» Supplied records:
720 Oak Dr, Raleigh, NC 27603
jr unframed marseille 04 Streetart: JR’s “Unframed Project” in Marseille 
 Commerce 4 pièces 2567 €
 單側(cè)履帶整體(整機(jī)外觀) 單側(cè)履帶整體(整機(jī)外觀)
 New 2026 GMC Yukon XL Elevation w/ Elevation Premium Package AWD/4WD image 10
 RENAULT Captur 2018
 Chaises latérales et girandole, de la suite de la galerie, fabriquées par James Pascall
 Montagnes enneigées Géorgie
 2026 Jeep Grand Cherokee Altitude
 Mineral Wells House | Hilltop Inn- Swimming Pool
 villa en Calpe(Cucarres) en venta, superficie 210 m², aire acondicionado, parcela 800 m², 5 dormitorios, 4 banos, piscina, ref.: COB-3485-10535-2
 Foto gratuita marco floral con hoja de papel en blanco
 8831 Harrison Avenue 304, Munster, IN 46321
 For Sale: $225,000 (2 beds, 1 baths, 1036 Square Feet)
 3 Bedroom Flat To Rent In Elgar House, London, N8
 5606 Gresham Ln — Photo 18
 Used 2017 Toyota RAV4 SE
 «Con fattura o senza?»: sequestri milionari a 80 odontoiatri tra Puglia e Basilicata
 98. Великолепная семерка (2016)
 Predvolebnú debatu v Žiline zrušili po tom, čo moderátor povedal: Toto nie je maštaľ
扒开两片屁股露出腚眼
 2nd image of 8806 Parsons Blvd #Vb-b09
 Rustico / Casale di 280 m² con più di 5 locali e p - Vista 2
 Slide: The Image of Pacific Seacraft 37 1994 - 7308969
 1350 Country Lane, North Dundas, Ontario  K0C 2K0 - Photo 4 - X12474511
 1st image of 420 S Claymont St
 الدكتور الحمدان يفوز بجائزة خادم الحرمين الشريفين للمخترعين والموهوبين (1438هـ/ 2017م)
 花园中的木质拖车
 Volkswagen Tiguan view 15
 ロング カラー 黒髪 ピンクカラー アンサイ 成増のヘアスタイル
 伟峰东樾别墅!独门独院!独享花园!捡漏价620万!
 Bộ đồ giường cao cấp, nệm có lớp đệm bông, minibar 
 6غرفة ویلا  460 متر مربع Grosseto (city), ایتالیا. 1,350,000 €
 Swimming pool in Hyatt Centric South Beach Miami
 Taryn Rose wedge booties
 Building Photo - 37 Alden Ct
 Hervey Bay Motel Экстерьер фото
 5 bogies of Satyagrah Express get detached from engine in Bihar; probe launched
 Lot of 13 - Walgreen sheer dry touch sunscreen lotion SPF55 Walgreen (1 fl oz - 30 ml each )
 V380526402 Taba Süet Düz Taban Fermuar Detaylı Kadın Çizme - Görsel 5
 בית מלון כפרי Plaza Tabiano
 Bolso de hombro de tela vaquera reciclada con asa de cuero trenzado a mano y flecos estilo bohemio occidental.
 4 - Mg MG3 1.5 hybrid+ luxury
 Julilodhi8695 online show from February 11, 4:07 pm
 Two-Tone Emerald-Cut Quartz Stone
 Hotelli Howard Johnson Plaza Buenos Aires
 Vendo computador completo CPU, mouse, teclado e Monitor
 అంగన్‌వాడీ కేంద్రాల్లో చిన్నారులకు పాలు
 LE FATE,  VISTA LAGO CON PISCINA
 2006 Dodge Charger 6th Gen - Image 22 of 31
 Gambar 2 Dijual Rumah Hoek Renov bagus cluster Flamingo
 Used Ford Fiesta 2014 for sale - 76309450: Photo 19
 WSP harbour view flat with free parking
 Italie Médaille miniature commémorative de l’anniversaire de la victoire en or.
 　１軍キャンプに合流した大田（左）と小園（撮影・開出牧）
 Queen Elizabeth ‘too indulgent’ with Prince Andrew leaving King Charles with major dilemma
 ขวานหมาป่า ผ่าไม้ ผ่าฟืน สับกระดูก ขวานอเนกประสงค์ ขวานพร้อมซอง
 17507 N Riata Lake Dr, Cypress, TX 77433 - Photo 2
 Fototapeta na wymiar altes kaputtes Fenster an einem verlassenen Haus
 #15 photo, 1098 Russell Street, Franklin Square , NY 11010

» Task item: Quote the listing above from its first line to the line with "Foto gratuita marco", inclusive, and add nothing.

» Solution to the problem:
720 Oak Dr, Raleigh, NC 27603
jr unframed marseille 04 Streetart: JR’s “Unframed Project” in Marseille 
 Commerce 4 pièces 2567 €
 單側(cè)履帶整體(整機(jī)外觀) 單側(cè)履帶整體(整機(jī)外觀)
 New 2026 GMC Yukon XL Elevation w/ Elevation Premium Package AWD/4WD image 10
 RENAULT Captur 2018
 Chaises latérales et girandole, de la suite de la galerie, fabriquées par James Pascall
 Montagnes enneigées Géorgie
 2026 Jeep Grand Cherokee Altitude
 Mineral Wells House | Hilltop Inn- Swimming Pool
 villa en Calpe(Cucarres) en venta, superficie 210 m², aire acondicionado, parcela 800 m², 5 dormitorios, 4 banos, piscina, ref.: COB-3485-10535-2
 Foto gratuita marco floral con hoja de papel en blanco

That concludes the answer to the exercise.